# Data shown
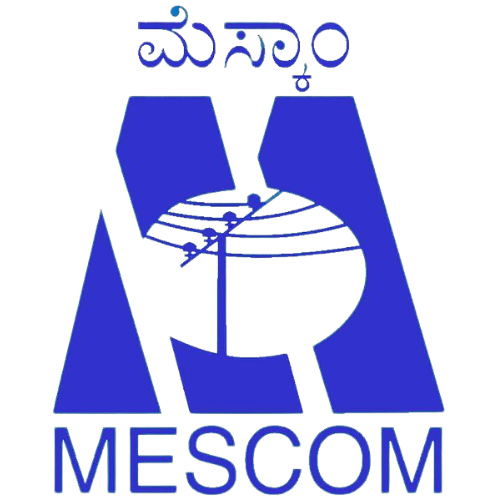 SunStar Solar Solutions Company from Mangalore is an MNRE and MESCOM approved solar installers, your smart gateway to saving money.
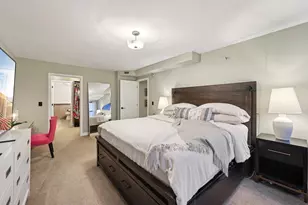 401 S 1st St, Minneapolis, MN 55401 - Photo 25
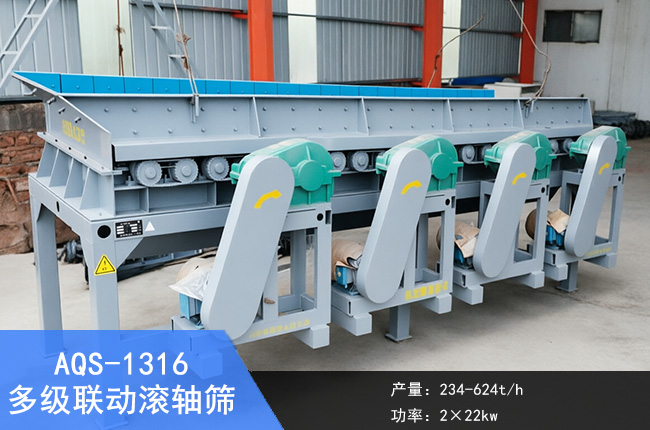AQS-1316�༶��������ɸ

# What needs to be done
Your task is an exact transcription of all the data, minus the pictures.

# Exercise solution
 SunStar Solar Solutions Company from Mangalore is an MNRE and MESCOM approved solar installers, your smart gateway to saving money.
 401 S 1st St, Minneapolis, MN 55401 - Photo 25
AQS-1316�༶��������ɸ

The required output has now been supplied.